From November 11, 1992 through March 31, 1999, the claimant had the following severe combinations of impairments: fractured left scapula with chronic pain in left shoulder, adjustment disorder with mixed emotional features, and history of alcohol abuse in remission (20 CFR 404.1520(c)). Through the date last insured, the claimant did not have an impairment or combination of impairments that met or medically equaled one of the listed impairments in 20 CFR Part 404, subpart P, Appendix 1 (20 CFR 404.1520(d), 404.1525 and 404.1526). After careful consideration of the entire record, the undersigned finds that, through the date last insured, the claimant had the residual functional capacity to perform work that did not require overhead or above the shoulder work and that the claimant can only use the left upper extremity as an assist to the right (dominant) side. He is also limited to simple, routine work. Through the date last insured, the claimant was unable to perform past relevant work (20 CFR 404.1565). The claimant was born on August 6, 1948, and was 50 years old, which is defined as an individual closely approaching an advanced age, on the date last insured. Prior to August 6, 1997, the claimant was considered to be a younger individual, age 45-49 (20 CFR 404.1563). The claimant has at least a high school education and is able to communicate in English (20 CFR 404.1564). Transferability of job skills is not an issue in this case (20 CFR 404.1568).

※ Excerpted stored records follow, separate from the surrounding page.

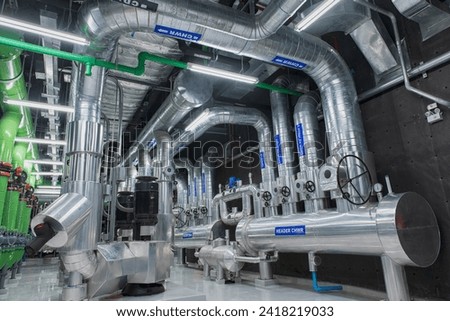 Industrial interior chiller and boiler HVAC heating ventilation air conditioning system and pipping line of Chill water pipe with Pre insulation Jacket in chiller  room.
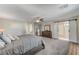 Large bedroom with barn doors leading to the bathroom at 7745 Rosebark Cliffs St, North Las Vegas, NV 89084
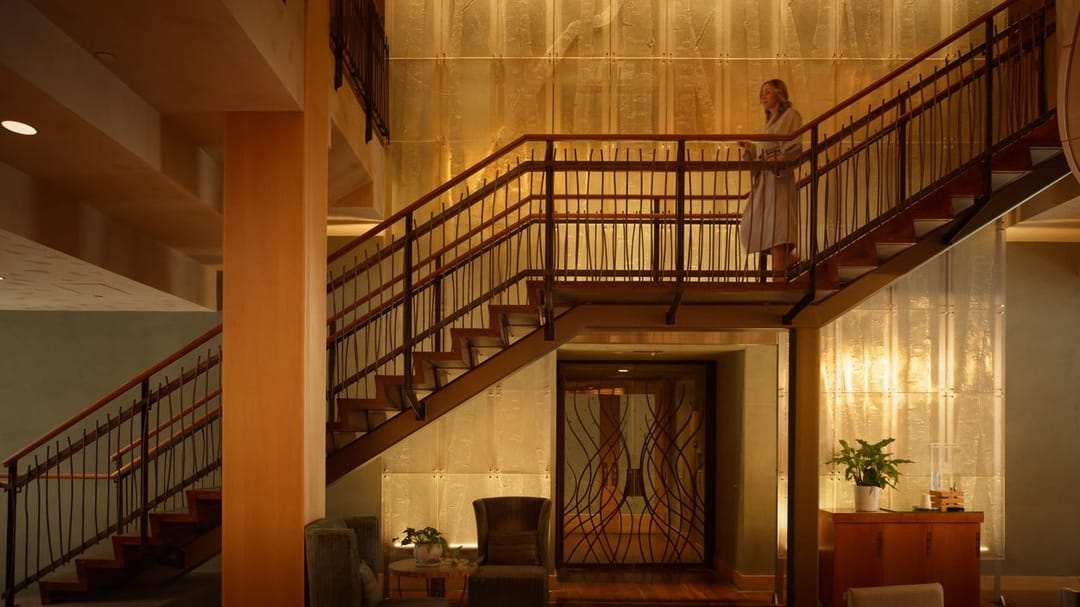 Wood and glass staircase inside Park Hyatt Beaver Creek, from the summer film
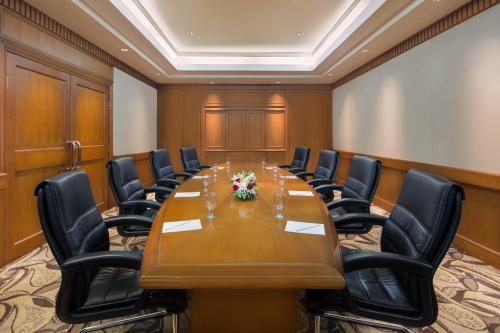 a conference room with a long table and chairs at Millennium Hotel Sirih Jakarta in Jakarta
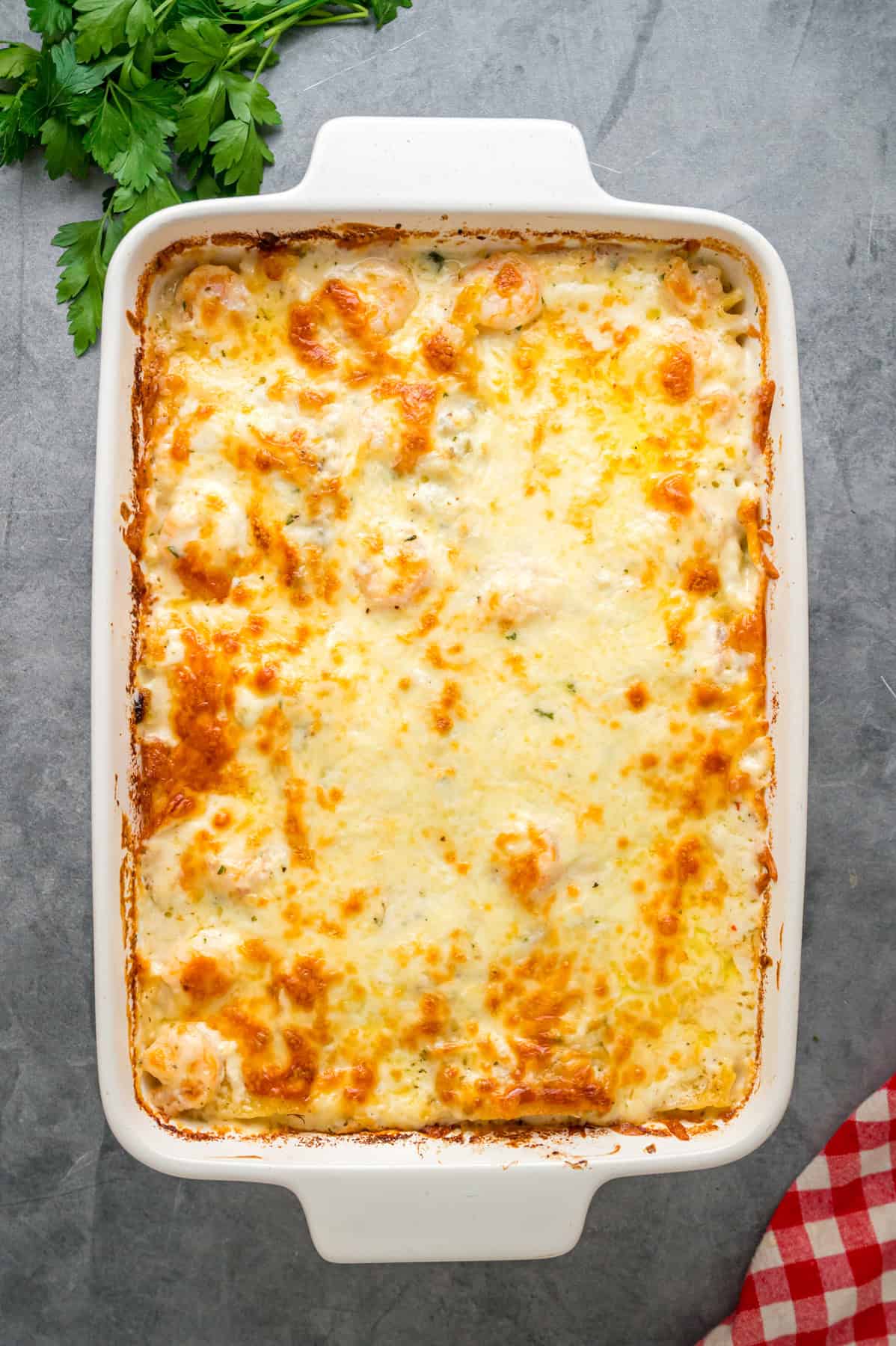 This Seafood Lasagna features layers of a creamy sauce infused with clam juice, noodles, and a shrimp and crab meat filling. Overhead view of a pan of seafood lasagna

Through the date last insured considering the claimant's age, education, work experience, and residual functional capacity, there were jobs that existed in significant numbers in the national economy that the claimant could have performed (20 CFR 404.1560(c) and 404.1566). The claimant was not under a "disability," as defined in the Social Security Act, at any time from November 11, 1992, the alleged onset date, through March 31, 1999, the date last insured (20 CFR 404.1520(g)).
8. 9. 10.
In sum, the ALJ concluded that Plaintiff was not under disability as defined by the Social Security Regulations and was therefore not entitled to a period of disability or DIB. (Tr. 12-19). On appeal, Plaintiff argues that: (1) the ALJ erred in failing to find the claimant's neck impairment severe during his insured status, and therefore also erred in his assessment of Plaintiff's RFC; (2) the ALJ erred in failing to adequately credit the opinion of Plaintiff's treating source; and (3) the ALJ failed to properly consider Plaintiff's pain. Each argument will be addressed in turn. II. The Court's inquiry on appeal is to determine whether the ALJ's non-disability finding is supported by substantial evidence. 42 U.S.C. § 405(g). Substantial evidence is "such relevant evidence as a reasonable mind might accept as adequate to support a conclusion." Richardson v. Perales, 402 U.S. 389, 401 (1971). In performing this review, the Court considers the record as a whole. Hephner v. Mathews, 574 F.2d 359, 362 (6th Cir. 1978). If substantial evidence supports the ALJ's denial of benefits, that finding must be affirmed, even if substantial evidence also exists in the record upon which the ALJ could have found plaintiff disabled. As the Sixth Circuit has explained: The Commissioner's findings are not subject to reversal merely because substantial evidence exists in the record to support a different conclusion. The substantial evidence standard presupposes that there is a "zone of choice" within which the Commissioner may proceed without interference from the courts. If the Commissioner's decision is supported by substantial evidence, a reviewing court must affirm.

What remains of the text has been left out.